Шрифт:
Интервал:
Закладка:
Подобное отношение к институту семьи коренится в русском нигилизме и ярко выражено в “Отцах и детях” (1862) Ивана Тургенева, а именно в репликах Евгения Базарова, называвшего брак “предрассудком” (“Ты придаешь ещё значение браку; я этого от тебя не ожидал”, – говорит он Аркадию Кирсанову). И хотя в романе Николая Чернышевского “Что делать?” (1867) представлен идеал образцовой семьи, основанной не только на взаимном уважении, но и на глубоком чувстве, достичь этой гармонии можно было только вне рамок традиционного буржуазного брака. А при всех плюсах такового, особенно в сравнении с патриархально-домостроевским семейным укладом (отделение деловой жизни от частной; освобождение женщин от обязательного труда; распределение ролей: мужчина-кормилец, жена – возлюбленная и мать; семья закрыта от посторонних и автономна)… буржуазный брак всегда был мишенью сокрушительной критики. С позиций классового подхода, женщины – угнетённый класс и призваны бороться за своё освобождение. И сегодня, наряду с подобным “социалистическим феминизмом”, на Западе влиятелен и радикальный феминизм, с его резким отрицанием института семьи как такового.

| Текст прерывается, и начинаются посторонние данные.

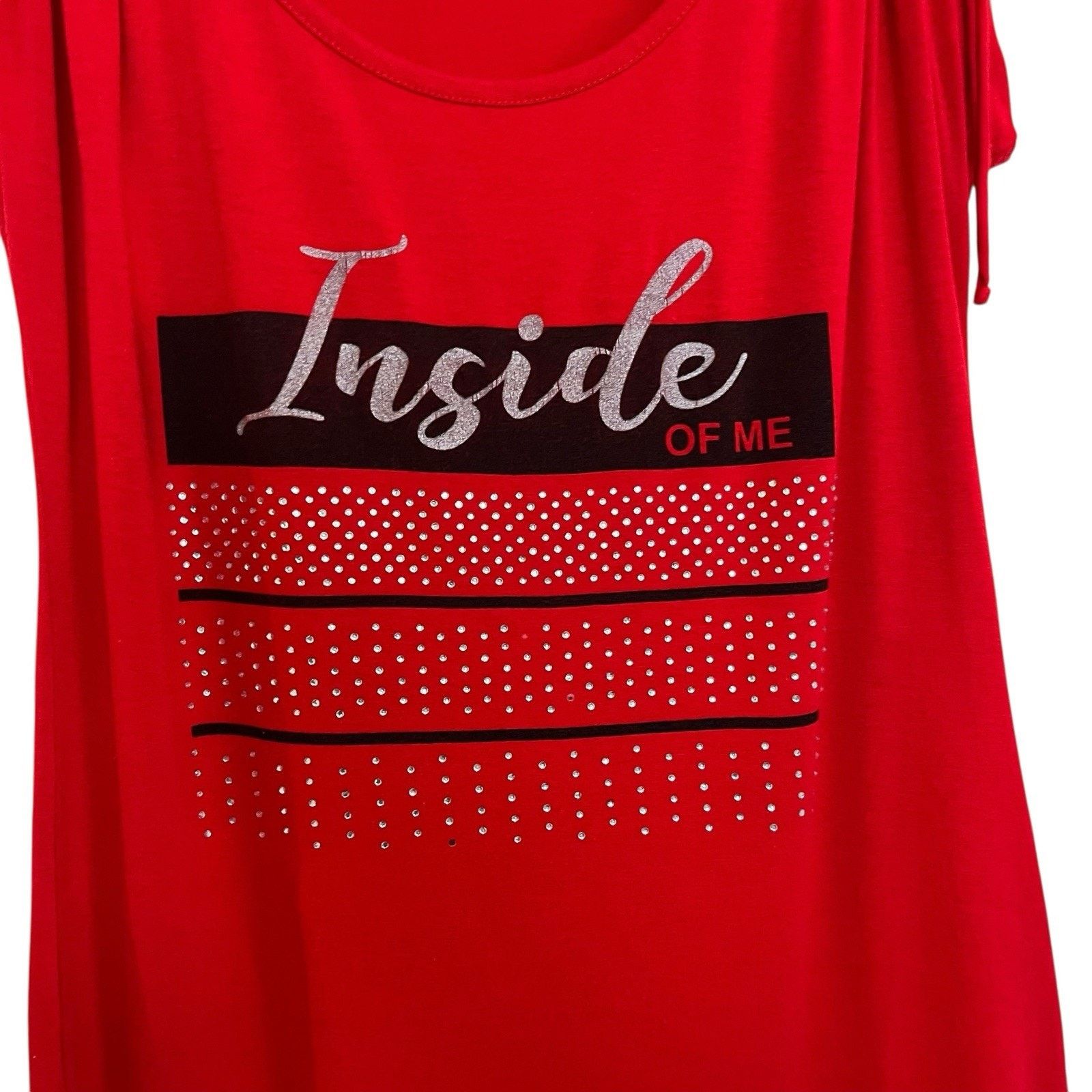 Vintage Urbi Red Jeweled Inside Of Me Y2K Top Large Rave Mall Goth Size L / US 10 / IT 46 - 2 Thumbnail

Критики отмечали, что в своих произведениях “Хин сосредотачивает внимание на выяснении… пошлости буржуазной среды… Симпатии Хин принадлежат решительно всем протестующим против этой пустоты и пошлости”.
Своеобразие драматургического воплощения Рашелью Хин современного женского характера предстанет рельефнее, если обратиться к её ранней прозе. Как мы видели, в повести “Силуэты” конфликт со средой доводится до кульминации, и героиня преодолевает житейские невзгоды с помощью творческой самореализации, что стало для неё смыслом жизни и спасением души. В другой ранней повести Хин героиня нашла забвение в воспитании детей…
В 1904 году Хин завершает работу над пьесой в 5-ти действиях и 2-х картинах “Поросль”, а отдельной книгой пьеса выходит в свет в самом начале 1905 года в типографии Ивана Холчева (1874–1909), прогрессивного издателя, редактора газеты “Вечерняя почта”, судебного психолога, автора книги “Мечтательная ложь” (1903). Драму взялся поставить Малый театр, и Рашель Хин 18 января 1905 писала в своём дневнике: “ Ни к чему у меня душа не лежит. Я как-то забыла, что репетируется моя пьеса [“Поросль” – Л.Б.]. Ни разу не была на репетициях”.
Премьера состоялась на сцене Малого театра 3 февраля 1905 с декорациями Феодосия Лавдовского и в постановке режиссера Александра Федотова. Всего прошло семь спектаклей, причём в них были заняты лучшие актёры театральной труппы Пров Садовский, Александр Остужев, Александр Ильинский, Елена Лешковская, Гликерия Федотова и др.
В основе драмы – романическая история преуспевающего адвоката, которого уводит из семьи настойчивая и предприимчивая молодая женщина, учительница музыки его дочери. Но, несомненно, наибольший интерес представляет психологическая линия сюжета и, прежде всего, колоритные типы современной русской молодёжи, представленные здесь во всей широте. Эта самая “поросль”, воплощённая в ярких сценических образах, показана Хин отнюдь не однозначно.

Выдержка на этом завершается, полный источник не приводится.